I’m a developer and programmer by trade. Game architecture is my focus. During my studies, I created a game to help children learn to read the clock. That work – and an intriguing conversation with a school colleague about My Little Pony – ignited my interest in learning more about how children learn, play, and interact with the world.
You wrote an opinion piece on ToyNews titled ‘Does TV content determine how children play?’ What event inspired that piece?
It was a personal quest for me. I became fascinated by the relationship between toys and the television and movies on which they are based. I looked into four generations of media and started to develop my opinions about why some franchises succeed while others quickly fail.
You suggest in the ToyNews article that much of the television programming for children is created specifically to sell toys. Are children being done a disservice with this mentality?
When written well and consistently, and if it has interesting characters, plots and settings, television programming draws children in and makes them think about what they’re seeing, so it does them a service rather than a disservice. If not done well, it backfires because the child cannot be drawn into a narrative. There is more methodology required than people – and some businesses – realize. Children need context to play with toys. Star Wars is a great example of doing it well: there are recognizable personalities, consistent villains, familiar locations. Children remember all of these elements from the movies and bring those elements into their play habits.
When a franchise isn’t consistent with their branding – maybe the colours differ from movie to toys or the villain is released as a toy before children have a chance to see it on the screen – kids quickly lose context and their interest wanes. Franchises need consistency throughout the entire experience they offer.
What has the reaction been to your article?
I am approached by people from all walks of life, like toy creator hobbyists, inventors, industry folk, as well as Transformers, Barbie, Thundercats, and My Little Pony fans. I discuss with them what they think of my work, the things they love, and I listen to their perspectives.
Some people disagree with my argument that consistency across a brand is a vital element. Some people have told me that there is no relationship between the quality of the show and toy sales and that the mere existence of the show does most of the work.
What can parents do to untangle their children from excessive cross-promotional branding?
Cross-promotion is part of today’s environment and it’s for each parent to decide what’s acceptable.

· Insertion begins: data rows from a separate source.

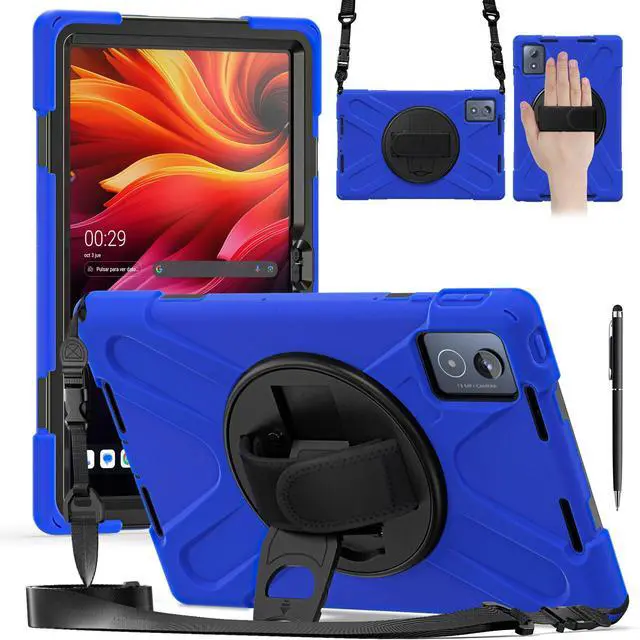 Main image of WERLEO Case for Lenovo Tab K11 Plus 11.45 inch 2024 TB352FU TB352XU Shockproof Protective Cover Pencil Holder Stand Shoulder Strap Stylus Pen Blue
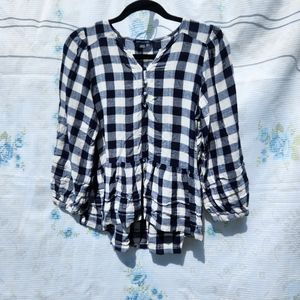 American Eagle Peplum 3/4 Sleeve Blouse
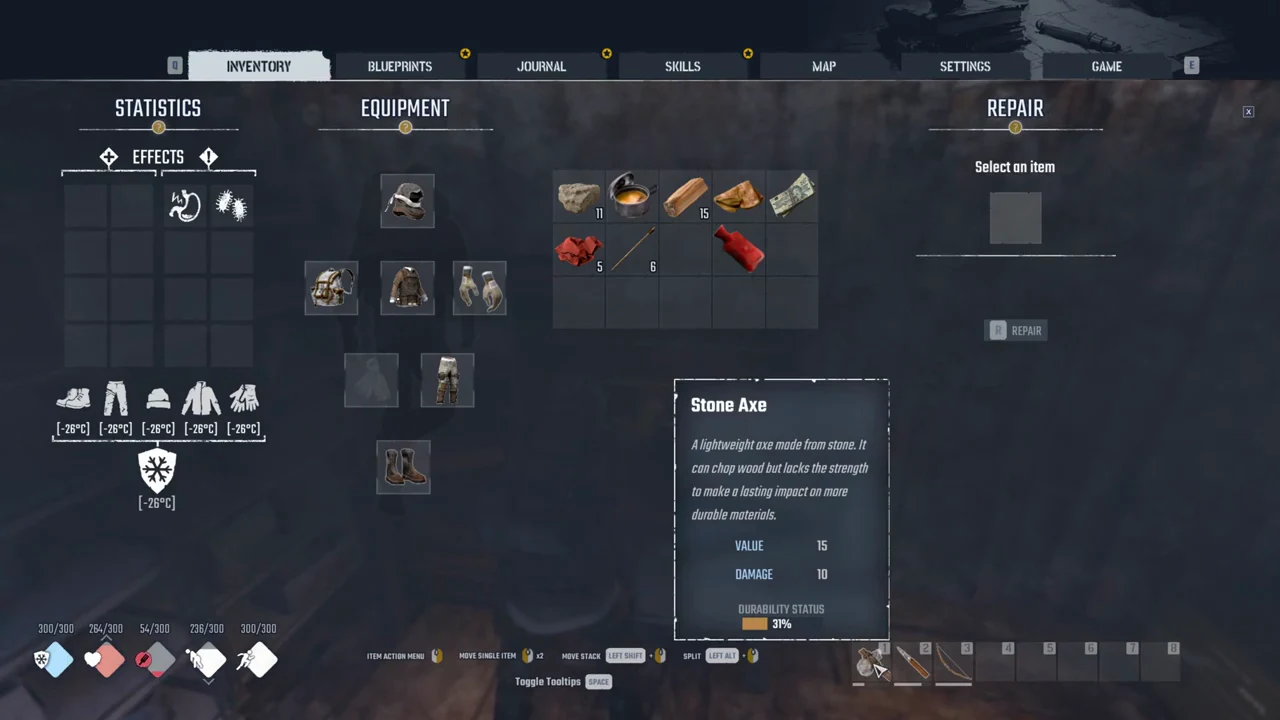 Stone Axe highlighted in the hotbar with its durability tooltip while the Repair panel waits for a selection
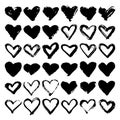 Collection of black grunge paint heart. Set of brush strokes isolated on white background. Vector illustration. Royalty Free Stock Photo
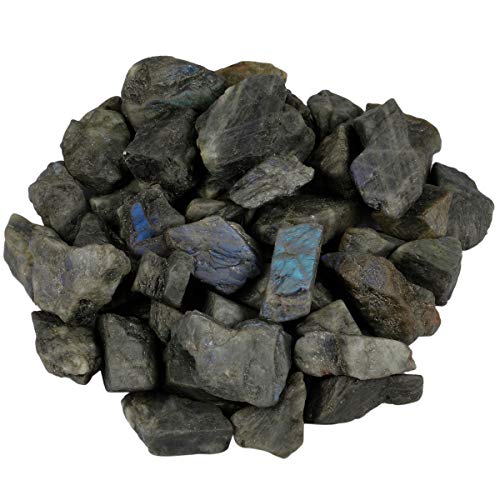 SUNYIK 1LB Natural Raw Labradorite Stones Rock for Tumbling Cabbing | Irregular Healing Crystal Rock Stones for Aquarium, Terrarium Fish Tank, Fountain Rocks, Jewelry Making, Rock Collections - color: Labradorite(0.8"-1.5")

I’d like to see the content of the media elevated beyond “eat your dinner” and “be nice to other people”. Those are nice lessons, but children’s media shouldn’t be afraid to introduce age-appropriate conflict scenarios, for example. Companies fear backlash from parents and I think that holds them back from reaching higher quality. Conflict is great for the kids themselves because it gives them something to think about. However, parents do need to look out for shows that push a political opinions – think that goes too far.